There are three sections that directly affect a company's IT management:
Sec. 802(a) "Whoever knowingly alters, destroys, mutilates, conceals, covers up, falsifies, or makes a false entry in any record, document, or tangible object with the intent to impede, obstruct, or influence the investigation or proper administration of any matter within the jurisdiction of any department or agency of the United States or any case filed under title 11, or in relation to or contemplation of any such matter or case, shall be fined under this title, imprisoned not more than 20 years, or both."
This rule is rigidly enforced, as the frantic document shredding that went on at Enron added years to the investigation.
Sec. 802(a)(1) "Any accountant who conducts an audit of an issuer of securities to which section 10A(a) of the Securities Exchange Act of 1934 (15 U.S.C 78j-1(a)) applies, shall maintain all audit or review workpapers for a period of 5 years from the end of the fiscal period in which the audit or review was concluded."
Anything related to financial records and audits must be stored, accessible and unaltered for the full five-year period. This covers electronic documents as well.

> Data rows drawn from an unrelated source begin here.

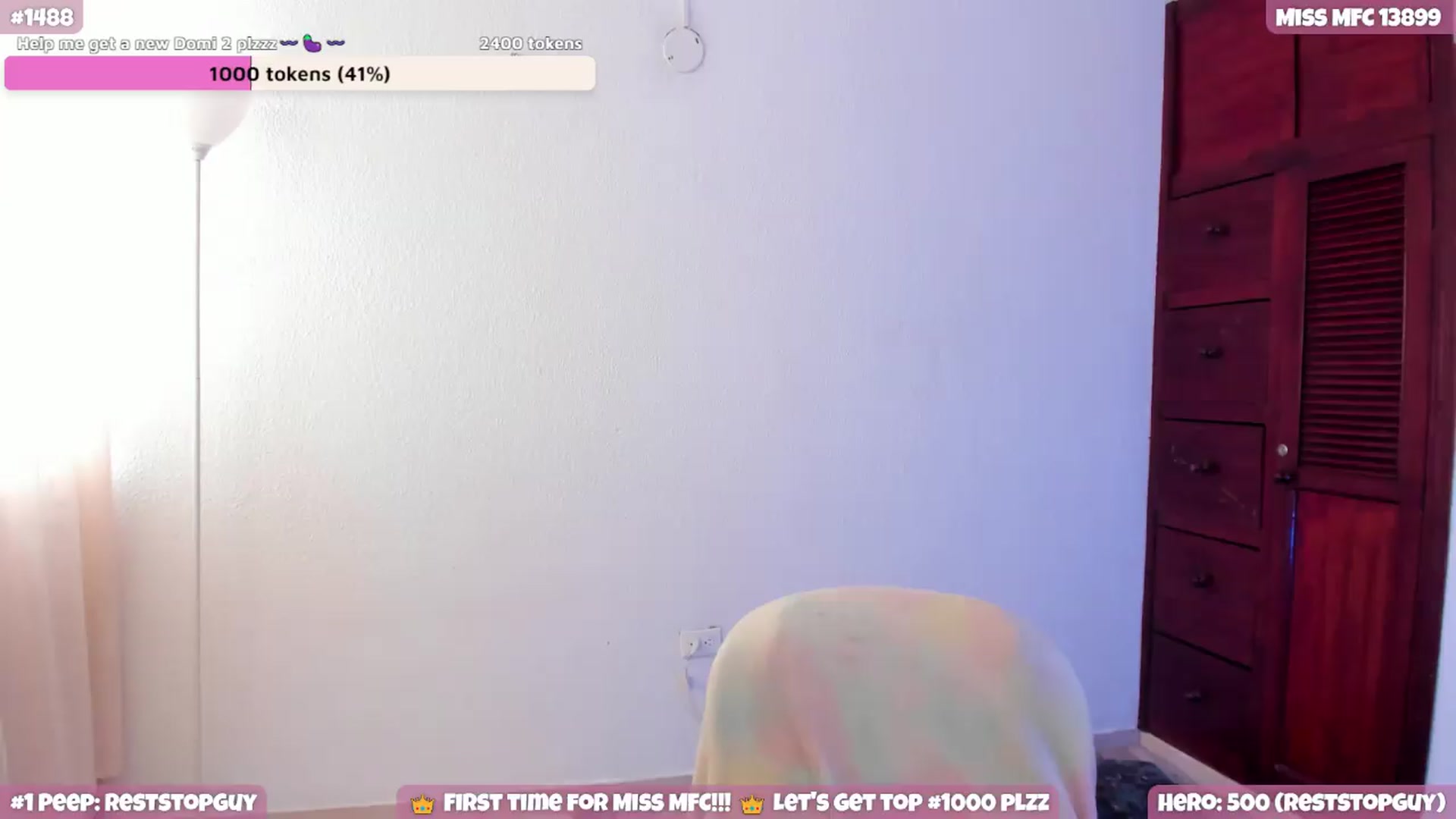 Gallery image thumbnail from Evi3_'s myfreecams stream on, 08/31/2026, 13:16 image 15 of 20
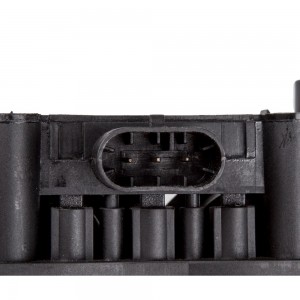 Катушка зажигания Chery Amulet 06- (MGN7544) MGN7544 MARSHALL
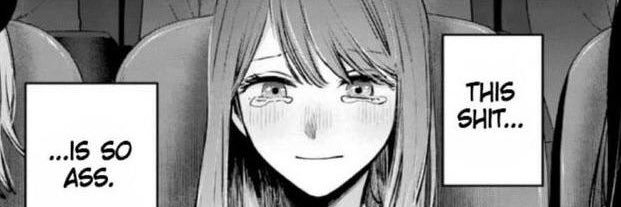 eileen😔 banner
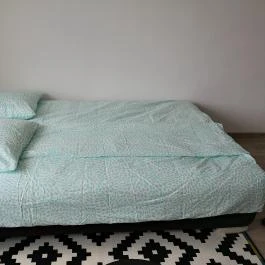 Green Garden Plus Apartman Budapest - Egyéb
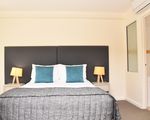 214 / 180 Alexandra Parade, Alexandra Headland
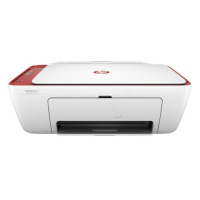 HP DeskJet 2633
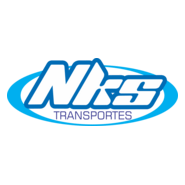 NKS Transportes Logo PNG Vector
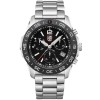 Luminox Pacific Diver Chronograph 44mm 3142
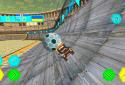 Pocket Football screenshot 5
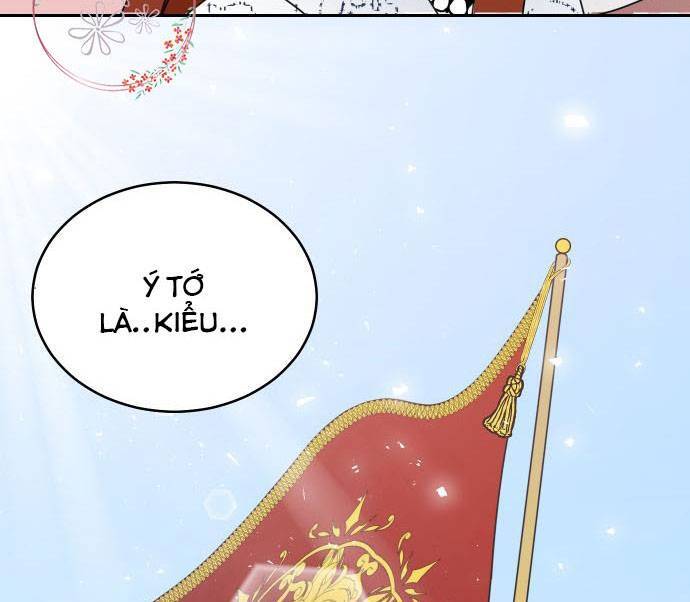 Thánh Nữ Ẩn Danh Chapter 16 - 38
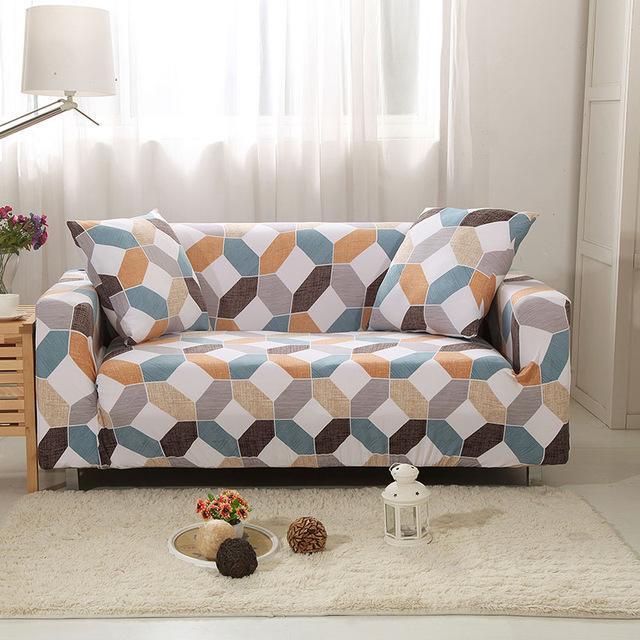 Magic Sofa Cover | Stornfield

Sec. 802(a)(2) "The Securities and Exchange Commission shall promulgate, within 180 days, such rules and regulations, as are reasonably necessary, relating to the retention of relevant records such as workpapers, documents that form the basis of an audit or review, memoranda, correspondence, communications, other documents, and records (including electronic records) which are created, sent, or received in connection with an audit or review and contain conclusions, opinions, analyses, or financial data relating to such an audit or review."
So essentially, every document, physical or electronic, must be maintained, stored and accessible for five years. Anyone who has ever upgraded their office software, or even stored electronic documents over time knows that they can either degrade, or will not be compatible with newer versions of the software.